**WHAT YOU HAVE TO DO**
Aside from the pictures, copy the listing exactly.

**PROVIDED INFORMATION**

########

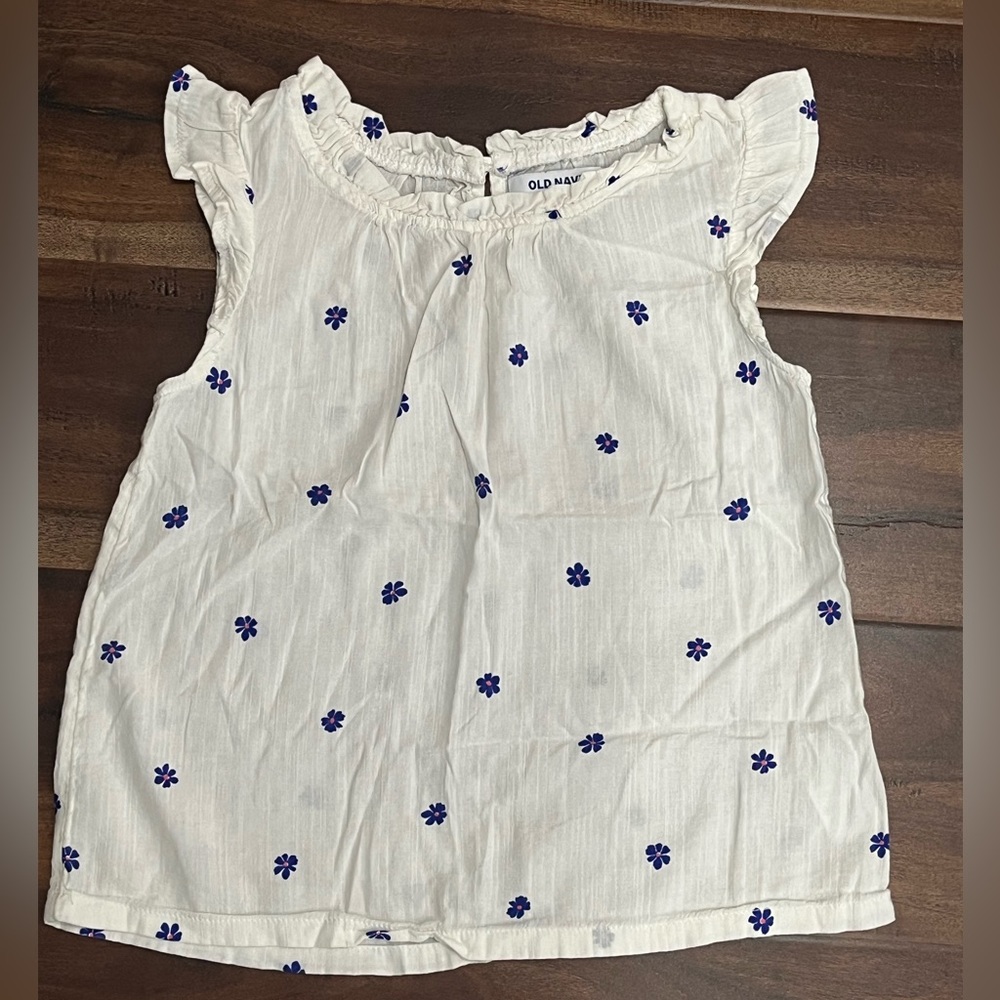 Old Navy White Girl Blouse with Blue Flowers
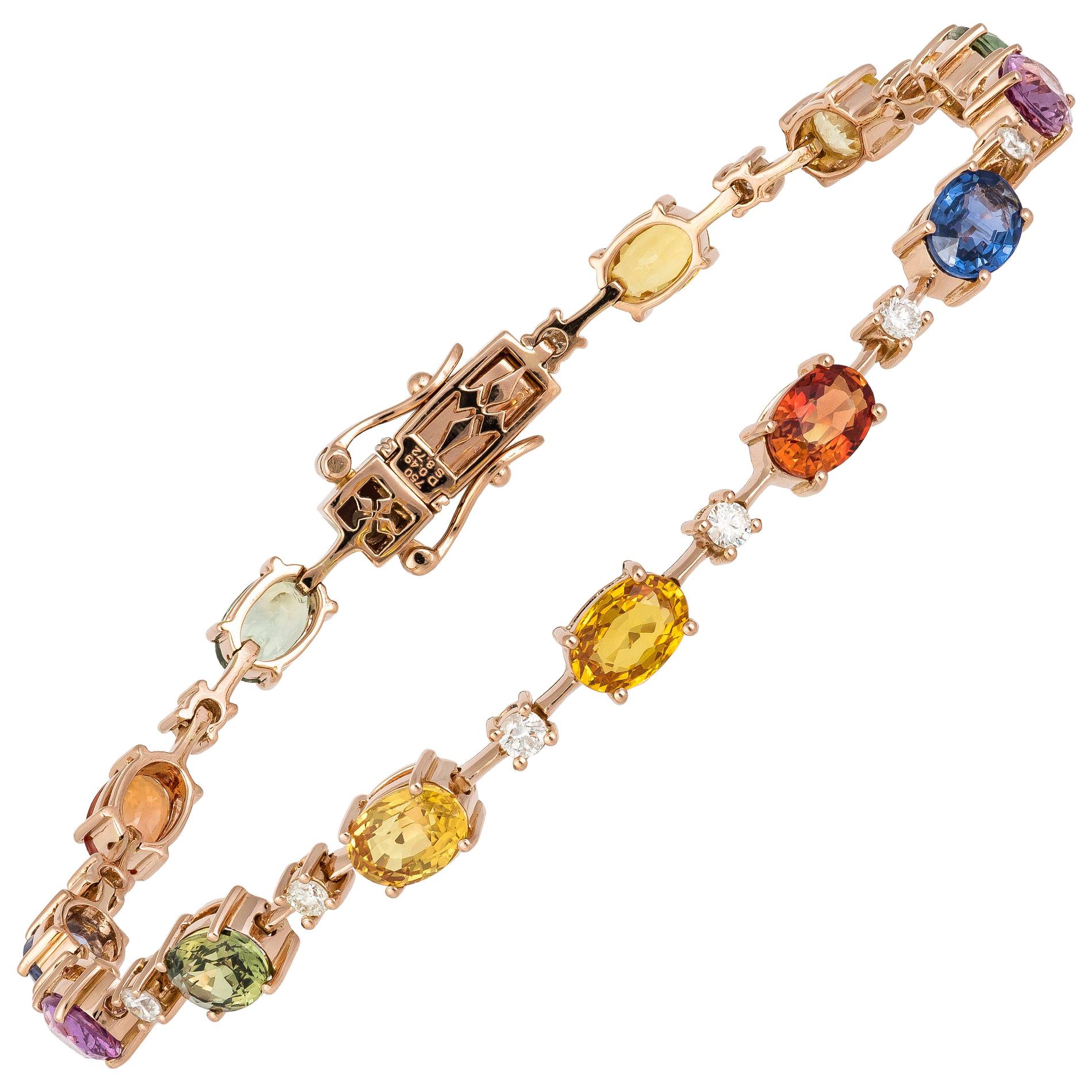 Bracelet tennis en or rose 18 carats avec diamants et diamants 0,53 carat/14 pièces Saphirs multiples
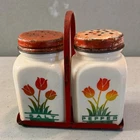 Vintage Anchor Hocking Fireking milk glass salt & pepper shakers w/metal holder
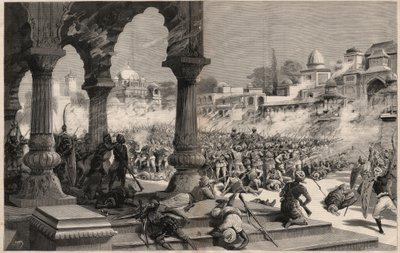 A manipuri csata – brit indián felkelések – a maharadzsa által elhívott, mintegy 500 angol katonából álló oszlop lemészárlása, amelynek alattvalói az indiai Manipurban (Assam és Burma határán fekvő terület) fellázadtak. alkotó: Unknown artist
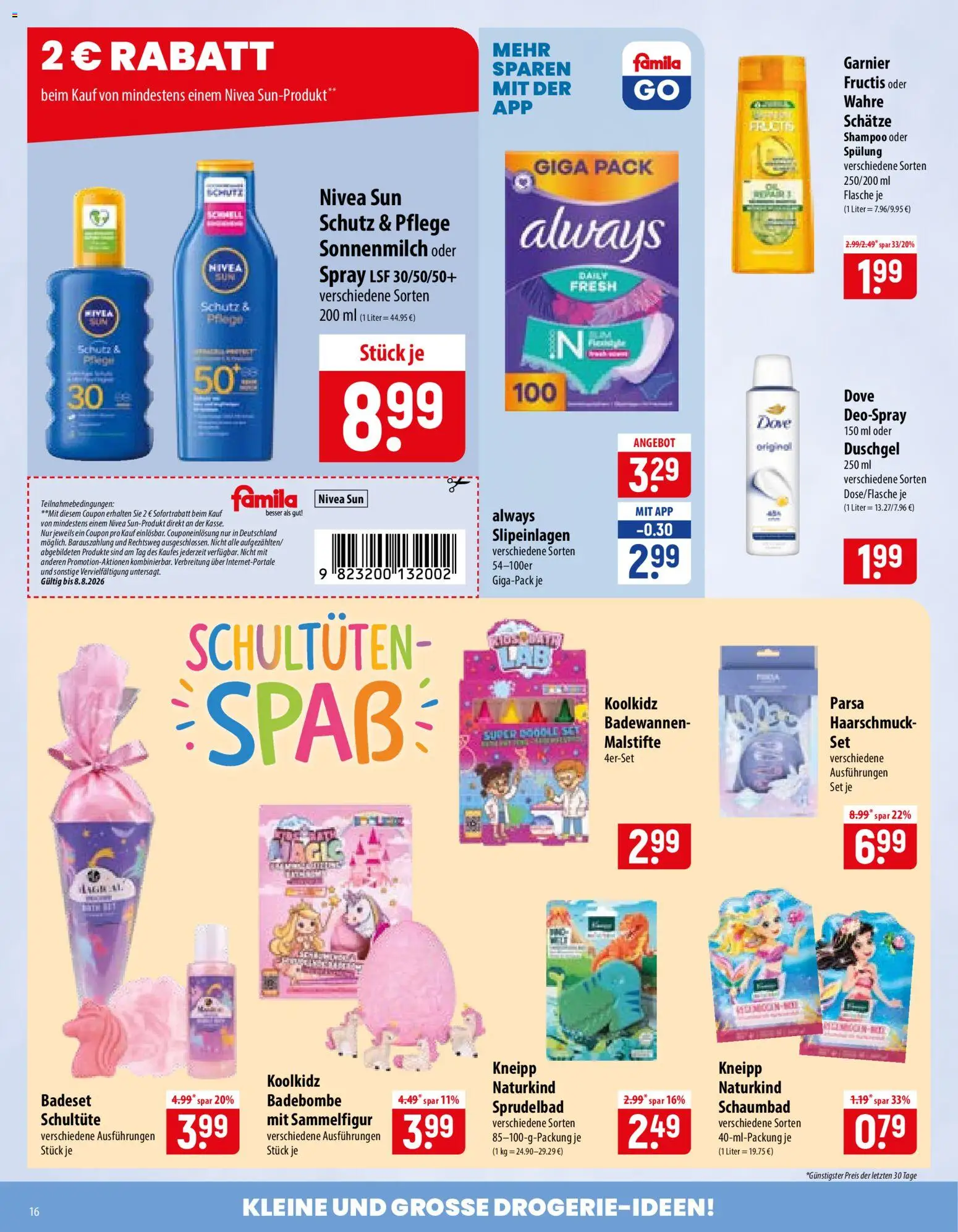Famila Prospekt – gültig ab 03.08.2026 | Seite: 16 | Produkte: Shampoo, Spülung, Duschgel, Deospray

########

**RESPONSE TO THIS EXERCISE**
 Old Navy White Girl Blouse with Blue Flowers
 Bracelet tennis en or rose 18 carats avec diamants et diamants 0,53 carat/14 pièces Saphirs multiples
 Vintage Anchor Hocking Fireking milk glass salt & pepper shakers w/metal holder
 A manipuri csata – brit indián felkelések – a maharadzsa által elhívott, mintegy 500 angol katonából álló oszlop lemészárlása, amelynek alattvalói az indiai Manipurban (Assam és Burma határán fekvő terület) fellázadtak. alkotó: Unknown artist
Famila Prospekt – gültig ab 03.08.2026 | Seite: 16 | Produkte: Shampoo, Spülung, Duschgel, Deospray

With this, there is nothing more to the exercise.